Australian Prime Minister John Howard was more blunt.
“We took action to limit the availability of guns and we showed a national resolve that the gun culture that is such a negative in the United States would never become a negative in our country,” Howard said.
Well-intended though they may be, the comments of McNulty and Howard would seem to imply that the British and Australians are safer in their respective homelands than Americans are in their’s because of strict gun control.
And that implication would be flat wrong.
Howard was newly elected as prime minister Down Under when a shooter went on a rampage in Port Arthur in 1996, killing 35 with a pair of semi-automatic weapons. Howard pushed through a sweeping change in the nation’s gun policies, with stricter regulation of firearm ownership and a massive firearms buyback program that cost the government hundreds of millions of dollars.
The result? In the year following the new gun laws, violent crime rates in Australia increased across the board, prompting criticism from the American-based National Rifle Association and others.
Today, Australia’s new gun control is a decade old (another tightening of gun control, aimed at handguns, was passed in Australia in 2002). While homicides in the nation have dropped in the past three years and are now lower than they were in 1996 — 295 in 2005 as opposed to 354 in 1996, a drop of 17% — other types of violent crime have all risen, some substantially.
In 1996, there were 114,156 cases of assault in Australia. In 2005, there were 166,499, an increase of 32%. In 1996, there were 14,542 cases of sexual assault in Australia. In 2005, there were 18,172, an increase of 20%. In 1996, there were 16,372 cases of robbery. In 2005, there were 16,787, an increase of 3%. In 1996, there were 478 cases of kidnapping. In 2005, there were 730, an increase of 35%.
While the percentages of these crimes involving firearms have generally declined, the crime rates themselves have risen, indicating that strict gun control has not made Australians safer from crime. At the same time Australia’s crime rates have increased, the same crime rates in America have decreased. And, according to the U.S. Justice Department, the violent crime rate in America is lower than the violent crime rate in Australia.
In 1997, the British instated a handgun ban across England and Wales. What had been already strict gun control in Great Britain became what some have referred to as the strictest gun control in the world.

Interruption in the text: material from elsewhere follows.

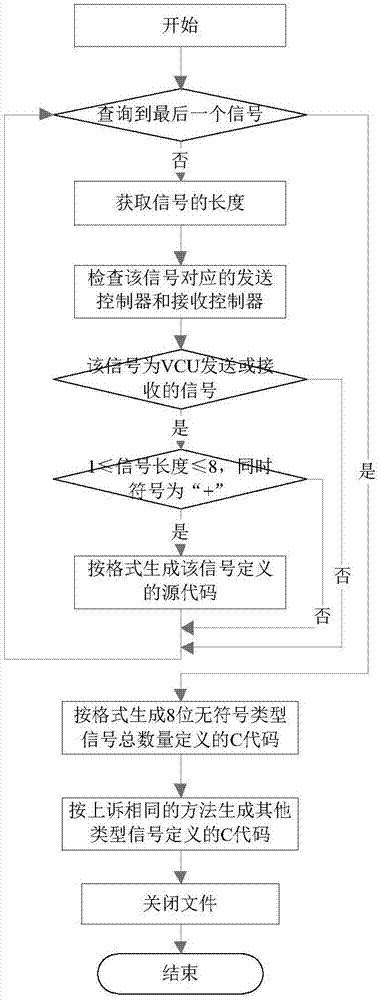 Method and device for generating CAN communication program of vehicle control unit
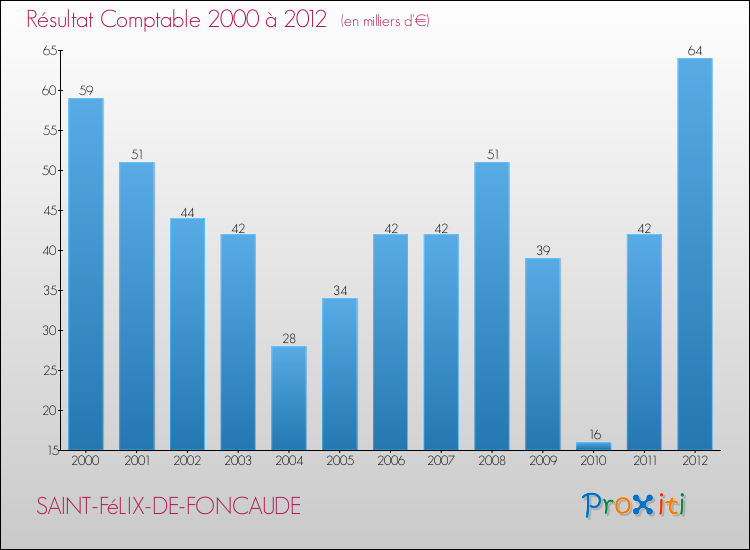 Evolution du résultat comptable pour la commune de SAINT-FéLIX-DE-FONCAUDE de 2000 à 2012 Evolution du résultat comptable pour SAINT-FéLIX-DE-FONCAUDE de 2000 à 2012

Within two years of that ‘97 gun ban, gun-related crimes had soared 40% in Great Britain. The British crime rate had surpassed the American crime rate in all areas except homicide and rape. In another two years, violent crime in the nation had more than doubled. The British Broadcasting Corporation (BBC) concluded that the gun ban “seems to have had little effect on the criminal underworld.”
In 2001, CBS Evening News anchor Dan Rather quipped that the British have a “bigger crime problem” than America, leading to outrage across the pond. But the British newspaper The Mirror ultimately conceded that Rather was right: British crime rates were higher than American crime rates.
By 2002, British Home Secretary David Blunkett was pleading with then-New York City Mayor Rudy Giuliani, credited with significantly reducing crime in the Big Apple, to help the British tackle their growing crime problem. The U.S. Justice Department concluded at that time that the British were twice as likely to be victims of violent crime than Americans. The British newspaper The Observer took it a step further, saying that British citizens were six times more likely to be robbed or assaulted on London’s streets than American citizens were to be on New York City’s streets.
Whether America needs tighter gun control laws is something that can be debated in the weeks and months to come. And it almost surely will be. But, clearly, the debate should be left to America’s lawmakers, and not British or Australian lawmakers. The statistics bear out that we’re not the only industrialized nation with a violent crime problem. And at least our violent crime rates are generally decreasing, instead of generally increasing.